7 Bayesian Ordinal Regression

And we’re moving onward here into ordinal regresion. As with the previous chapter, I’m using Turing.jl here to fit models, and I’m drawing lots of the ideas from Jose Storopoli’s bayesian stats notes. Some of the ideas and notation also come from McElreath’s Statistical Rethinking.

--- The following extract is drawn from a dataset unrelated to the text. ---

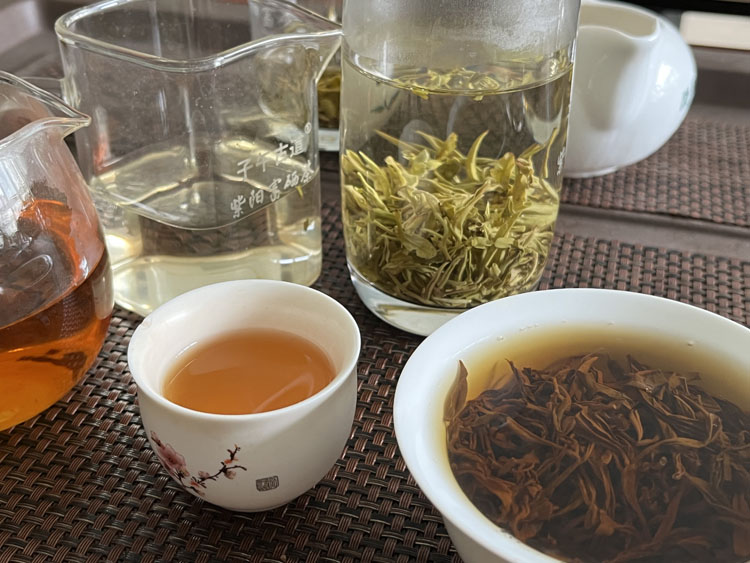 紫阳红茶里有绿叶是不是拼配过的
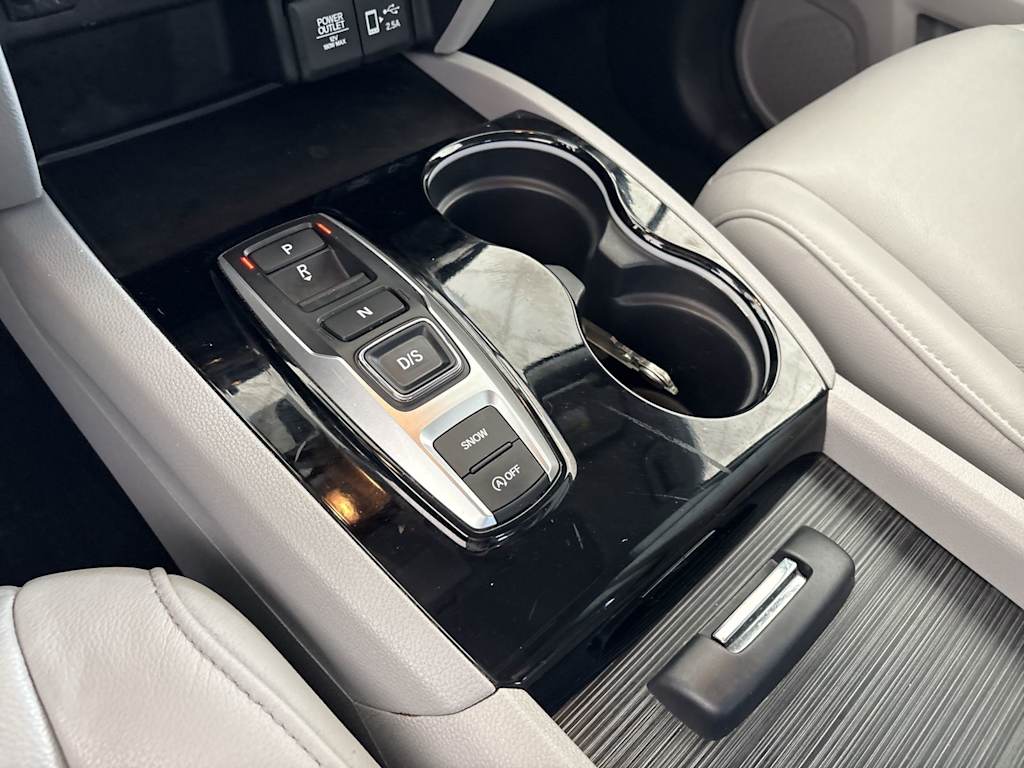 Thumbnail: 2019 Honda Pilot - 16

7.1 What is Ordinal Regresssion?

Probably obviously, ordinal regression is a linear model where y is ordinal. In a typical linear regression, y is interval data – the values are continuous, and the distance between adjacent values are equidistant. So like the difference between 1 and 2 is the same as the distance between 2 and 3.

When y is ordinal, we don’t assume that y is interval data. We know that 2 is “more” than 1, but we can’t know for certain that the distance between 1 and 2 is the same as the distance between 2 and 3. Likert scales and other survey measures are ordinal. So we can’t use a regular linear regression.

To fit our model, we will typically use a cumulative link function. This helps ensure that the predictions from our model will move through categories sequentially. The cumulative link function we typically (always?) want is the cumulative distribution function (CDF):

\[P(Y \le y) = \sum^{y}_{i=y_{min}}P(Y=i)\]

which gives us the probability that y is equal to a given value or any lesser value. We then use these cumulative probabilities to calculate the log-cumulative-odds:

\[logit(x) = ln(\frac{x}{1-x})\]

The logit function is the inverse of the logistic function. Recall that the logistic function maps any real number (-Inf, Inf) to the range (0, 1), so the logit function maps any number (0, 1) to (-Inf, Inf), and the resulting value is on the log-odds scale. Since we’re converting cumulative probabilities, the outputs of this transformation will be log-cumulative-odds.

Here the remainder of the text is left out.